▶ _TRY IT_
Give back every line of the data exactly. Pictures are not part of the copy.

▶ _SOURCE MATERIAL_

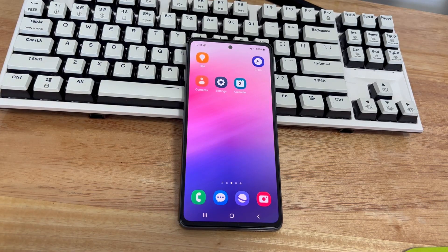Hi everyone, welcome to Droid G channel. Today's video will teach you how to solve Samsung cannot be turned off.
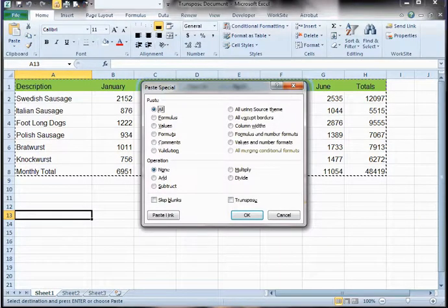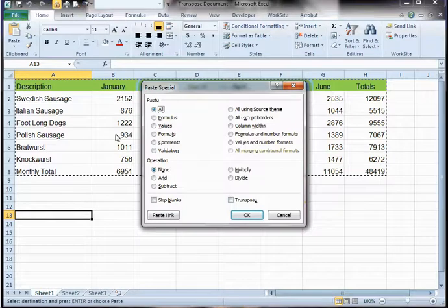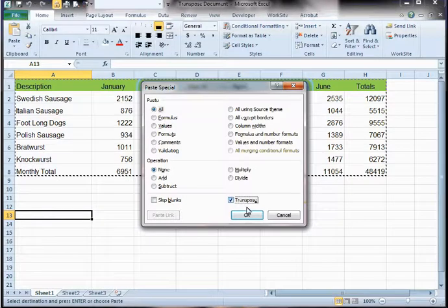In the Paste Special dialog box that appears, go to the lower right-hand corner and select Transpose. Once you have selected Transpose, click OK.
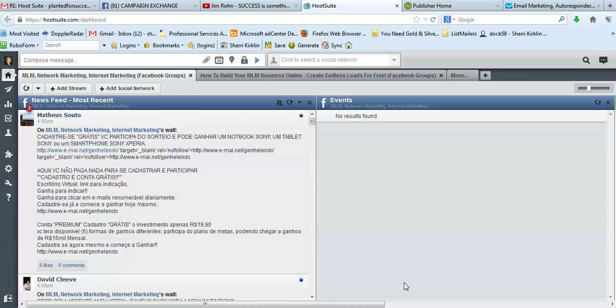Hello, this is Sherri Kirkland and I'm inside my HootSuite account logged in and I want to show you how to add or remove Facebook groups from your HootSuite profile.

▶ _ANSWER TO THE PROBLEM_
Hi everyone, welcome to Droid G channel. Today's video will teach you how to solve Samsung cannot be turned off.
In the Paste Special dialog box that appears, go to the lower right-hand corner and select Transpose. Once you have selected Transpose, click OK.
Hello, this is Sherri Kirkland and I'm inside my HootSuite account logged in and I want to show you how to add or remove Facebook groups from your HootSuite profile.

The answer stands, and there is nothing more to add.